Plot a graph showing the variation of coulomb’s force (F) versus 1/r^2, where r is distance between the charges of each pair of charges: (1μC, 2 μC) and (2 μC, – 3 μC) . Interpret the graphs obtained

To plot a graph showing the variation of Coulomb's force (F) versus \( \frac{1}{r^2} \) for the given pairs of charges, we first need to understand how Coulomb's law works. Coulomb's law states that the force \( F \) between two point charges is directly proportional to the product of the magnitudes of the charges and inversely proportional to the square of the distance \( r \) between them. The formula can be expressed as:

F = k * (|q1 * q2|) / r^2

Here, \( k \) is Coulomb's constant, approximately \( 8.99 \times 10^9 \, \text{N m}^2/\text{C}^2 \), and \( q1 \) and \( q2 \) are the magnitudes of the charges. Let's analyze the two pairs of charges you provided: (1 μC, 2 μC) and (2 μC, -3 μC).

Calculating the Forces

We will calculate the force for each pair of charges at different distances \( r \) and then plot \( F \) against \( \frac{1}{r^2} \).

Pair 1: (1 μC, 2 μC)

• Let \( q1 = 1 \times 10^{-6} \, \text{C} \)
• Let \( q2 = 2 \times 10^{-6} \, \text{C} \)

Using Coulomb's law:

F = k * (|1 μC * 2 μC|) / r^2 = (8.99 \times 10^9) * (2 \times 10^{-12}) / r^2

Now, let's calculate \( F \) for various values of \( r \):

• If \( r = 1 \, \text{m} \), then \( F = 17.98 \, \text{N} \)
• If \( r = 2 \, \text{m} \), then \( F = 4.495 \, \text{N} \)
• If \( r = 3 \, \text{m} \), then \( F = 2.0 \, \text{N} \)

Pair 2: (2 μC, -3 μC)

• Let \( q1 = 2 \times 10^{-6} \, \text{C} \)
• Let \( q2 = -3 \times 10^{-6} \, \text{C} \)

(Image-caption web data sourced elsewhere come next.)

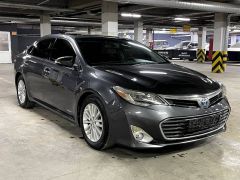 Фото авто Toyota Avalon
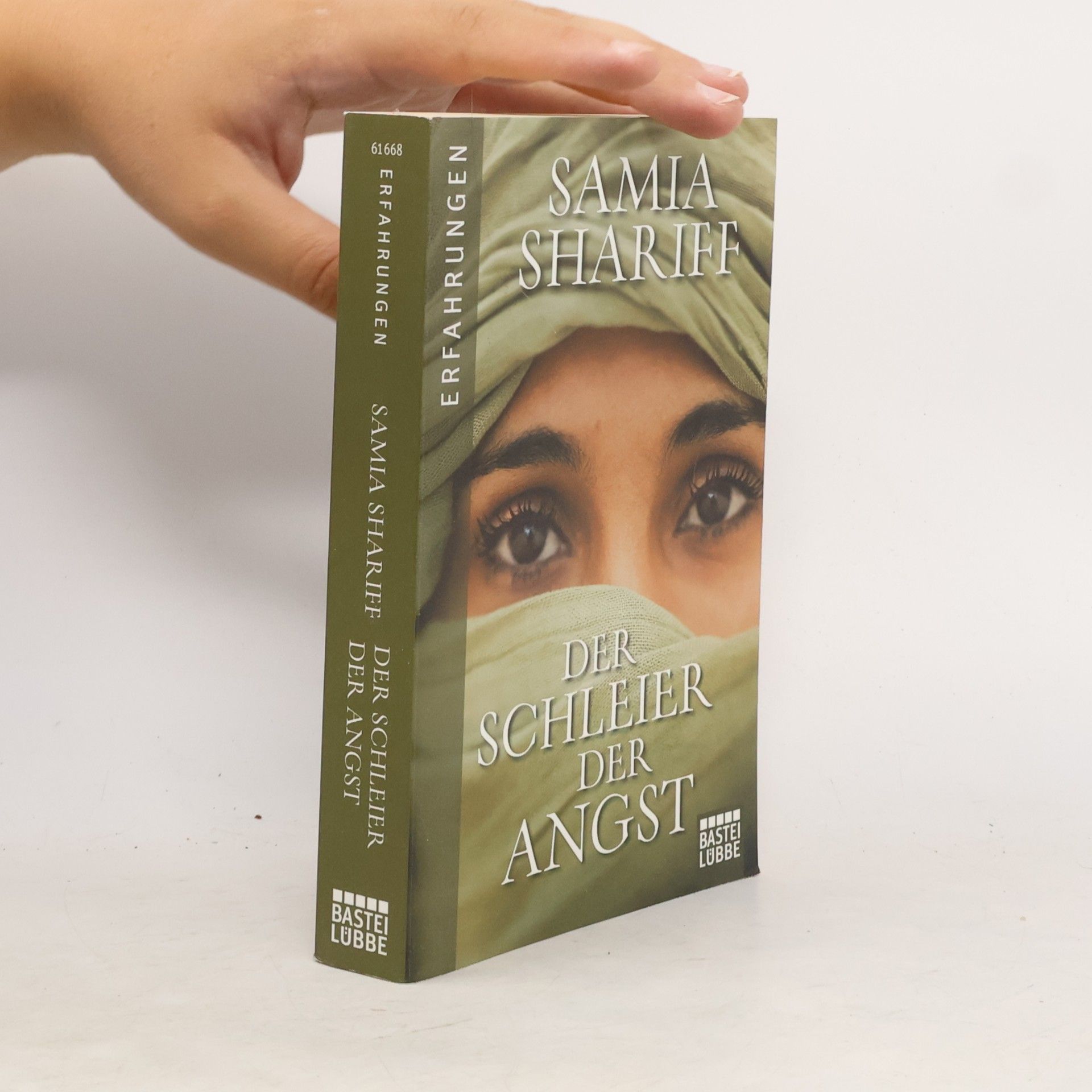 Samia Shariff Der Schleier der Angst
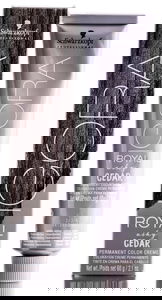 5-16 Light Brown Cendre Chocolate, Schwarzkopf Igora Royal Earthy Clay Permanent Color Creme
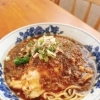 12/20 Today’s Special ひき肉山椒天津麺　日替わり　おすすめ　ランチ　夜ご飯　木更津　中華　金龍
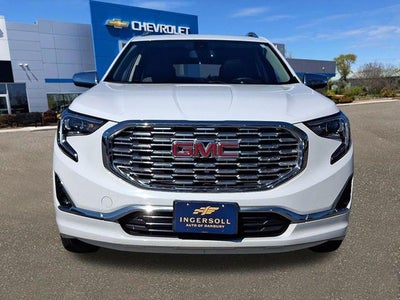 2018 GMC Terrain Denali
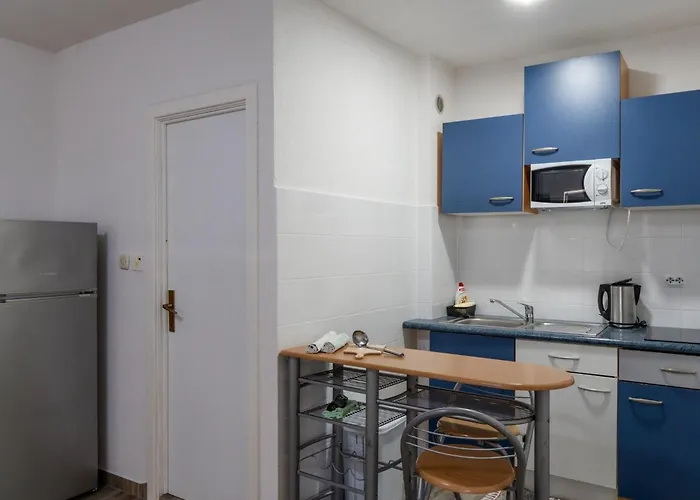 Tusla 1 By Interhome Апартаменты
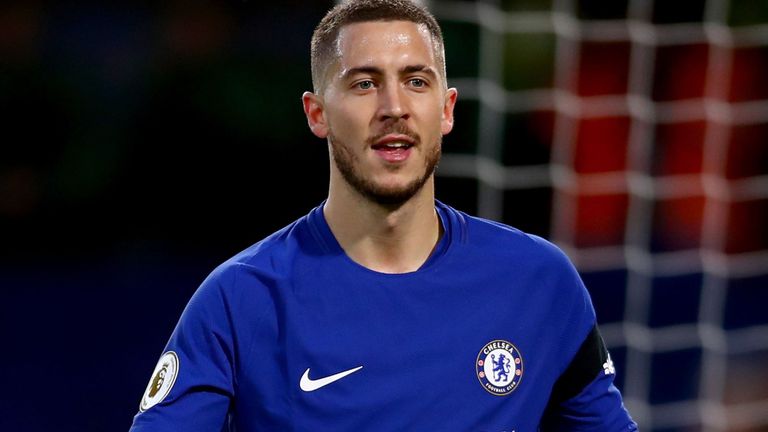 Eden Hazard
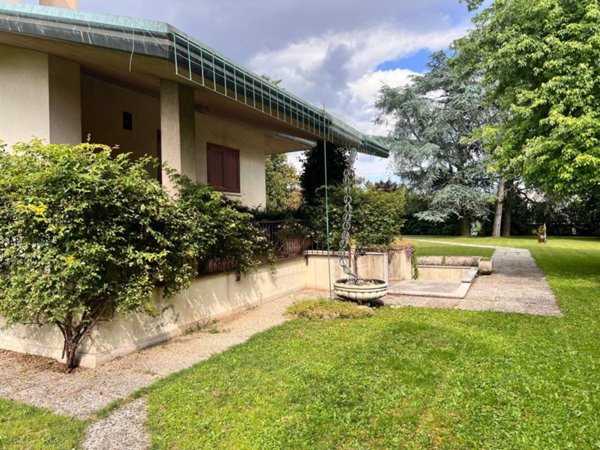 casa indipendente in vendita a Villorba in zona Lancenigo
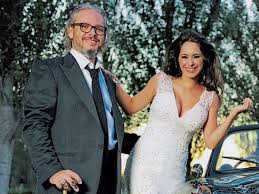 Victoria vannucci fue premiada en estados unidos por su labor comunitaria en sus restaurantes sustentables. Se Separaron Matias Garfunkel Y Victoria Vannucci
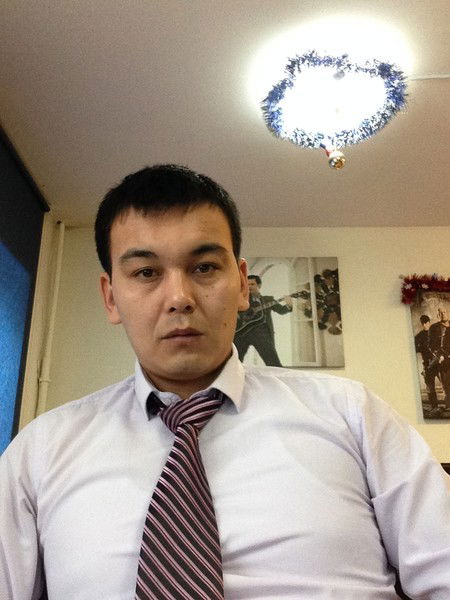 Ильяр Оболгазиев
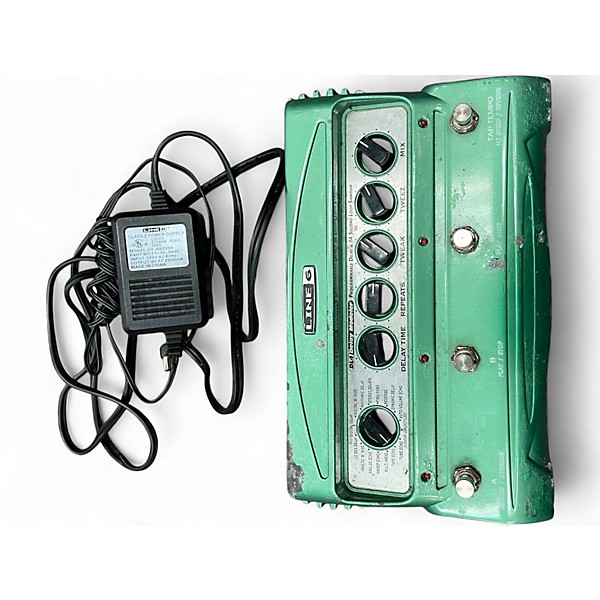 Used Line 6 DL4 Delay Modeler Effect Pedal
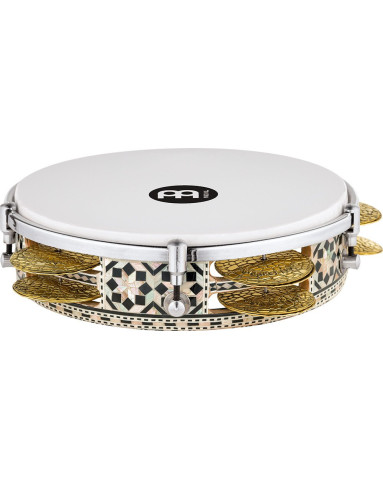 Meinl Percussion AERIQ1 Artisan Edition Series Riq Drum - 8 3/4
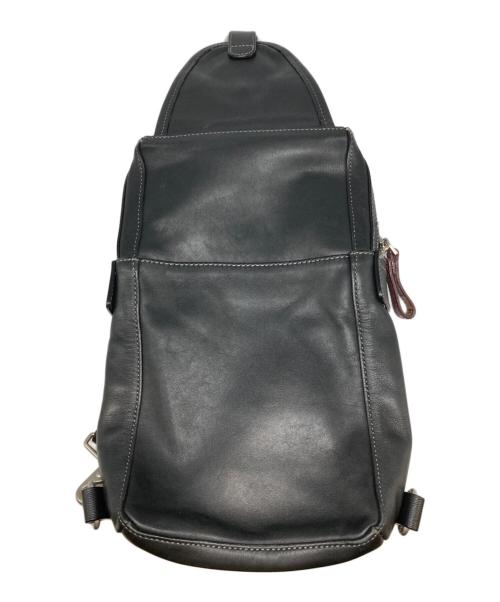 PAUL SMITH（ポールスミス）Paul Smith (ポールスミス) ボディバッグ ブラックの古着・服飾アイテム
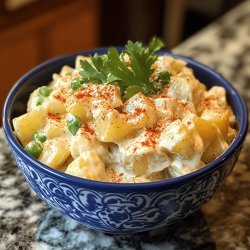 Instant Pot Potato Salad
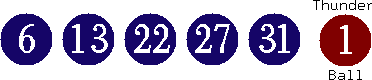 06 13 22 27 31 (01)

Again, applying Coulomb's law:

F = k * (|2 μC * -3 μC|) / r^2 = (8.99 \times 10^9) * (6 \times 10^{-12}) / r^2

Calculating \( F \) for various values of \( r \):

• If \( r = 1 \, \text{m} \), then \( F = 53.94 \, \text{N} \
• If \( r = 2 \, \text{m} \), then \( F = 13.485 \, \text{N} \
• If \( r = 3 \, \text{m} \), then \( F = 5.96 \, \text{N} \

Graphing the Results

Now that we have the values of \( F \) for different distances \( r \), we can calculate \( \frac{1}{r^2} \) for each distance:

• If \( r = 1 \, \text{m} \), \( \frac{1}{r^2} = 1 \)
• If \( r = 2 \, \text{m} \), \( \frac{1}{r^2} = 0.25 \)
• If \( r = 3 \, \text{m} \), \( \frac{1}{r^2} = 0.111 \)

Now, we can plot \( F \) against \( \frac{1}{r^2} \) for both pairs of charges. The x-axis will represent \( \frac{1}{r^2} \), and the y-axis will represent the force \( F \).

Interpreting the Graphs

When you plot the data, you will notice that both graphs will show a linear relationship between \( F \) and \( \frac{1}{r^2} \). This linearity indicates that as the distance between the charges decreases (which increases \( \frac{1}{r^2} \)), the force between the charges increases. The slope of each line will differ based on the product of the charges involved:

• The first pair (1 μC, 2 μC) will have a lower slope compared to the second pair (2 μC, -3 μC) because the product of the charges is smaller.
• The second pair will show a stronger force due to the larger product of the charges, indicating a more significant interaction.

This analysis not only reinforces the concept of Coulomb's law but also illustrates how the force between charged objects varies with distance, providing a clear visual representation of the relationship.